What do you think? Please leave a comment on the article on the website of the Hechinger Report. And here too.

 

 

Denny Taylor is Professor Emerita of Literacy Studies at Hofstra University. She has won many awards for her writing about literacy and literature. She is also the founder and CEO of Garn Press, which published the book I am reviewing (and also published Anthony Cody’s The Educator and the Oligarch).

 

Save Our Children, Save Our School, Pearson Broke the Golden Rule is a political satire about the current education “reform” movement. It takes place in an imaginary “Cafe Griensteidl” in New York City, at 72nd Street and Broadway, where the author and a friend meet for coffee.
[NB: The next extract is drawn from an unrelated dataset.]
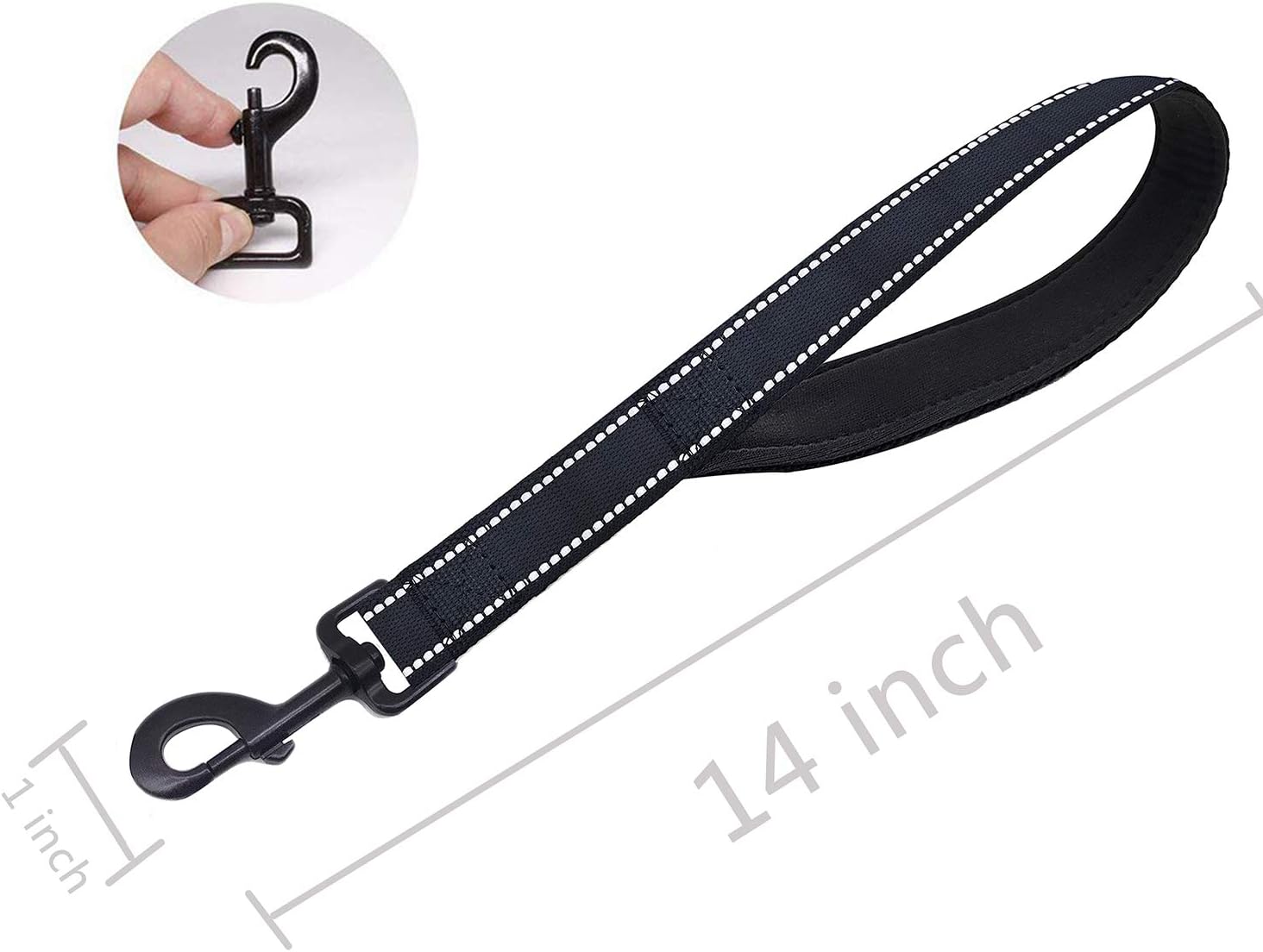 CHMETE Heavy Duty with Comfortable Padded Handle Reflective Training leashes for Medium Large Dogs Up to 80lbs (u201D Short Dog Leash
In this comedy, the leading players in the “reform” movement appear at the cafe and get into discussion or debate with the author. Nine powerful men happen to be in the cafe, including Arne Duncan, Bill Gates, Rupert Murdoch, Joel Klein, and Michael Barber (of Pearson). They banter with the author and her friend. She makes clear that these nine powerful men know nothing about education yet are taking control of the American public school system.

 

The men leave, and in the last “Act” of the book, twelve eminent female scholars (living and dead) talk about what is happening and the need to resist. The chapter is headed by this statement: “In which twelve venerable women scholars with more than 500 years of teaching experience refuse to capitulate to the demands made by nine rich men who have no teaching qualifications or teaching experience.” Hannah Arendt, Virginia Woolf, Simone Weil, Adrienne Rich, Yetta Goodman, Toni Morrison, and more are there. As the wise women speak, people come into the cafe and make YouTube videos, Tweet, or just listen. Yetta begins to rap. Horns honk. Traffic jams form at the corner of 72nd Street and Broadway. The women at the table clap along with Yetta’s rapping. The women talk about how to stop the corporate takeover of U.S. education.

 

Denny Taylor, sitting at the table with the great women, says, “Children have a right to a free and public education. For the pursuit of human knowledge and understanding that is free of corporate greed.”

 

“We should not have to ask permission for teachers to teach in developmentally appropriate ways that inspire and excite, and enhance our children’s incredible capacity to learn–

 

“–for the sheer joyfulness of their lives and for their lightness of being.”

 

The great women agree: We are and always will be defenders of every child’s right to a childhood free of despots and demons, except those they imagine when playing with friends….”

 

The author says, “Dump Pearson….Barber and Pearson are taking our children in the wrong direction,” she says. “His Whole System of Global Education Revolution is a global social catastrophe, a total system failure.”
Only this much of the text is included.